▶ Exercise goal:
Please reproduce all of the data exactly as it appears, but skip the pictures.

▶ Available records:
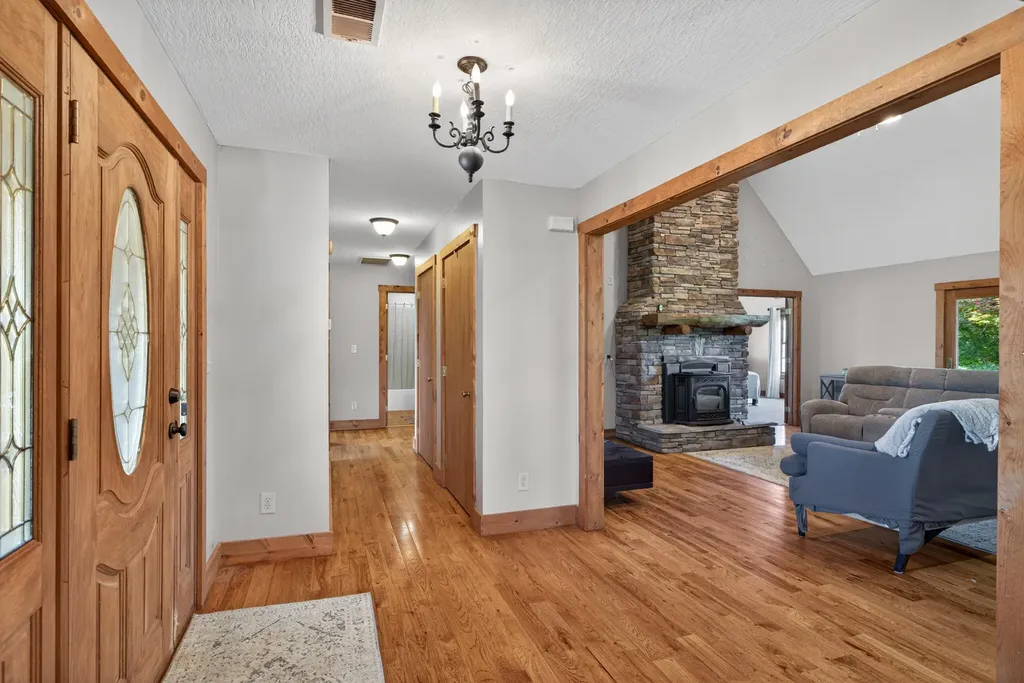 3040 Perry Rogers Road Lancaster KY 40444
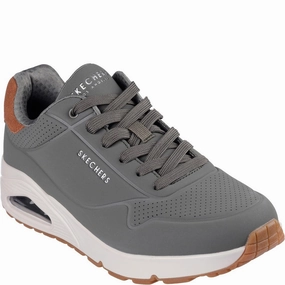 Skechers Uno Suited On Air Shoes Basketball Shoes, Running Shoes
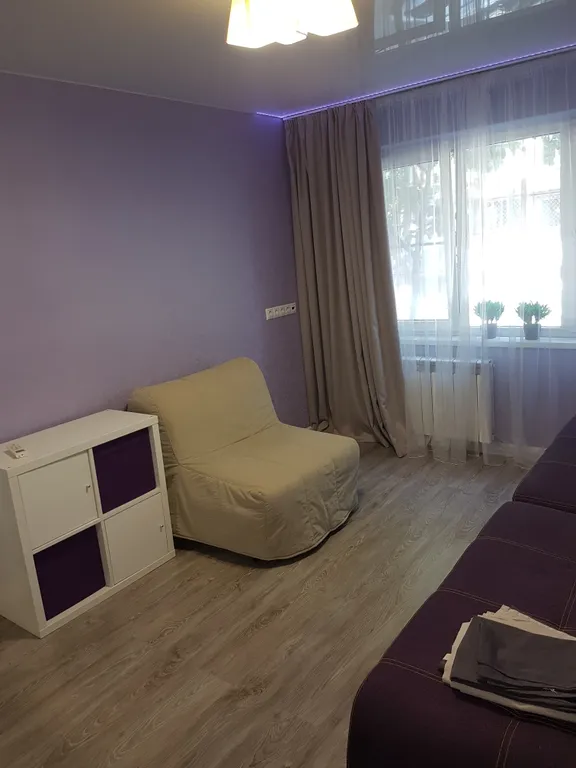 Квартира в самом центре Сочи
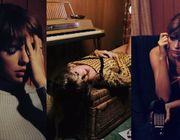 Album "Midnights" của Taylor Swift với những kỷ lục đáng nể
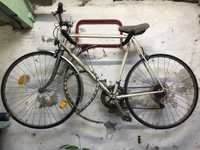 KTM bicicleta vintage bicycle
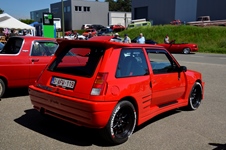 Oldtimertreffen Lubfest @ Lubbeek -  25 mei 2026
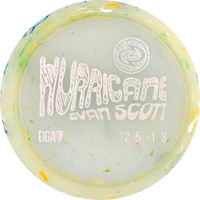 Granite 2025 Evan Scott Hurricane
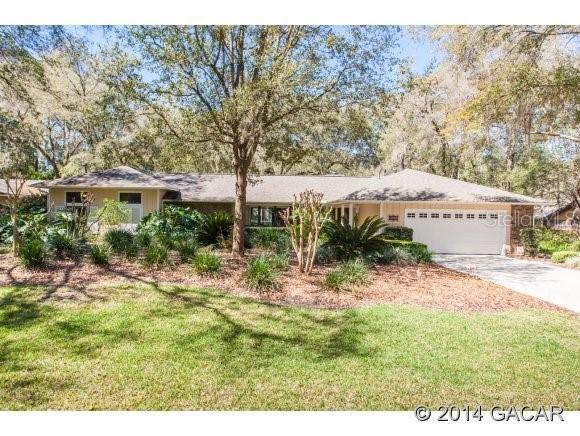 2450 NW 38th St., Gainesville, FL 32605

▶ Solved exercise:
 3040 Perry Rogers Road Lancaster KY 40444
 Skechers Uno Suited On Air Shoes Basketball Shoes, Running Shoes
 Квартира в самом центре Сочи
 Album "Midnights" của Taylor Swift với những kỷ lục đáng nể
 KTM bicicleta vintage bicycle
 Oldtimertreffen Lubfest @ Lubbeek -  25 mei 2026
 Granite 2025 Evan Scott Hurricane
 2450 NW 38th St., Gainesville, FL 32605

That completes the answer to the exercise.